I’ve been living in Soho, and I will admit: occasionally the models get to me. (Okay, it’s technically the Lower East Side, but being from the Midwest, I like to consider it Soho.) I waver between two opposing extremes, body negative and body positive, both near-delusions:
☹️ Stumbling along, like I’m just learning to walk, while these women (10 years my junior) prance down the street.
😊 Seeing the same avocados in a model’s shopping basket and logically concluding that we are basically both models.
☹️ Googling how to open one’s growth plates in order to grow a foot taller.
😊 Noticing that I have the same handbag as that model. Taking that as confirmation that we are basically both models, and who needs a contract for confirmation anyway?
☹️ Wanting to reach out to touch the long flowing manes of these unicorns, stopping myself, and petting a puppy instead.
😊 Noticing that we both have two eyes, a nose, and a mouth, i.e. we are the same.
☹️ Feeling small as a shoulder grazes my ear.
😊 Feeling tall as I spot them at a distance and think, “it’s only a few inches difference.”
☹️ Wishing it was 200 years ago or whenever my body habitus was the best to slay (literally).
😊 Feeling cool that I get to live in this neighborhood full of attractive people, you know, people like me.
☹️ Wishing I was Scandinavian.
😊 Feeling smug and unique about my low cheekbones.
☹️ Questioning the baguette I am eating which looks suspiciously like a model’s arm.
😊 Responding to that tourist who asks me for directions, OMG thank you! You think I’m from here!

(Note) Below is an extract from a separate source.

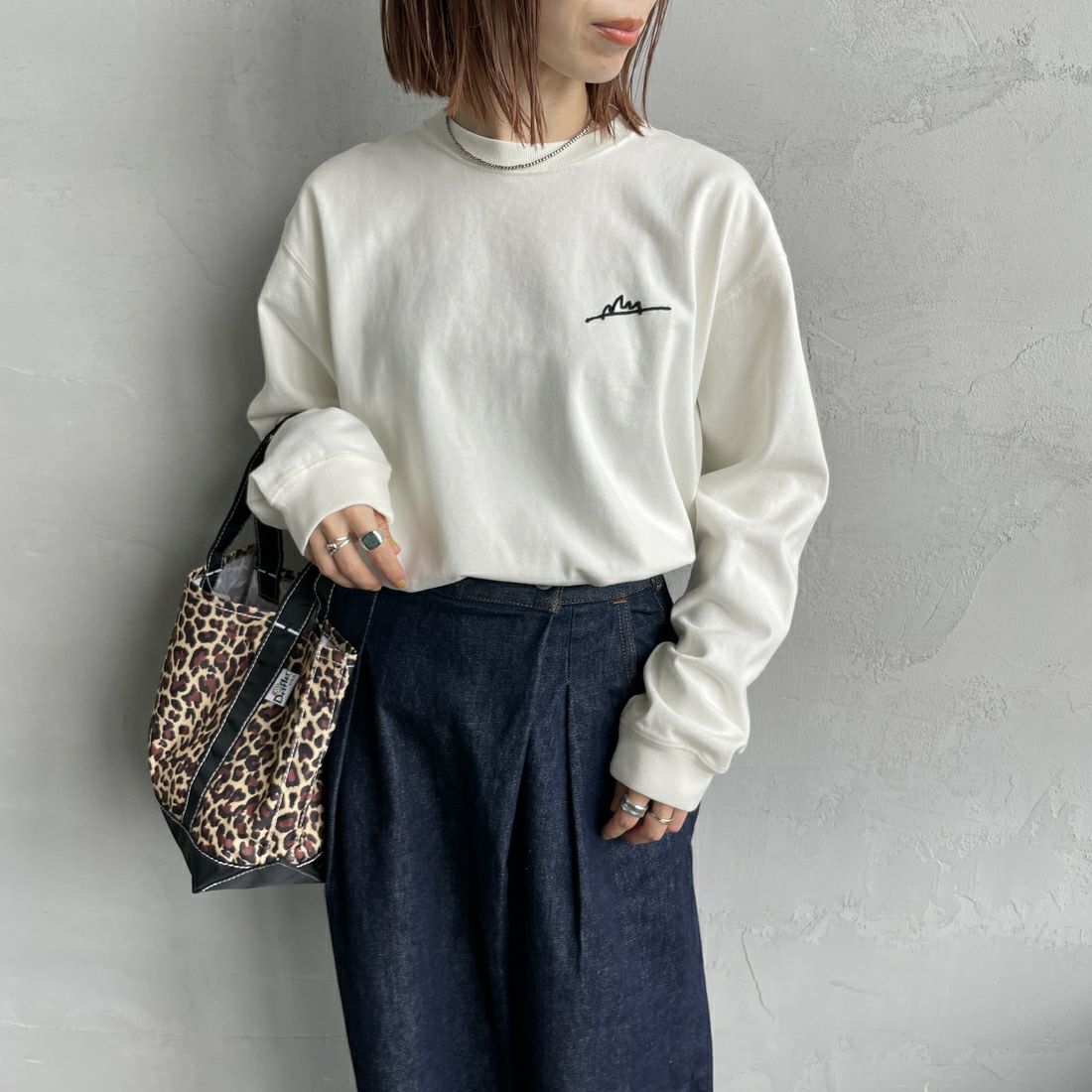 MANHATTAN PORTAGE [マンハッタンポーテージ] 別注 手書き風バックプリント ロングスリーブTシャツ [25FWMP-IN76-JF] IVORY &&モデル身長：158cm 着用サイズ：S&&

So is this daily dose of models good for me? I could argue that the impact on my opinion of my looks evens out in the end. Sometimes I come out on top (thanks social comparison theory), other times they do (hello, body image). What is clear, though, is that over and over, I am exercising and strengthening the path in my brain that says: Compare yourself to them, that’s how you will know your worth.
Obviously, this can open a deep, dark rabbit hole of feeling super ugly and/or becoming a mean girl. Nowadays, we’ve all heard that comparing and judging are bad and that we should just be our best selves and feel good about this. Ideally? Sure. Realistically? It’s hard to imagine a world in which we never compare ourselves, whether to our past selves, role models, or people running in the same direction. Comparing can be helpful, like in running from danger (or towards the free food), but it can be harmful if our sense of self is very vulnerable.

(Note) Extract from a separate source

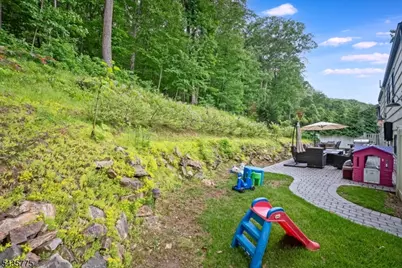 45 Molly Stark Dr, Morris Township, NJ 07960 - Photo 21
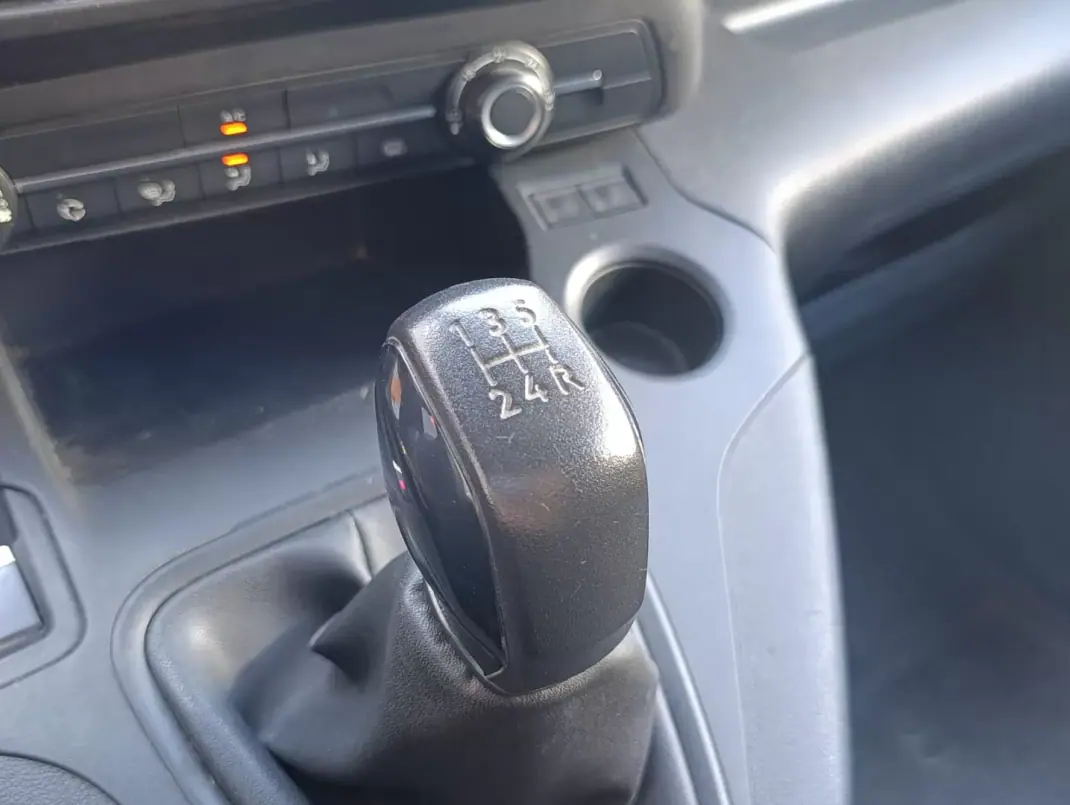 Citroën 2021 - 13900 EUR, 149852 km - 149852km - foto 9 de 11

In this situation, comparing myself to models is pretty pointless (super pointless). Eventually, eliminating “the model” as an ideal and finding satisfaction in my current state of being would cut off the impulse in the first place. In the meantime, how to start weakening this pathway? When I’m walking outside, I will practice thinking differently—being present, noticing each person, and enjoying the diversity that I am lucky to be surrounded by, a land of unicorns.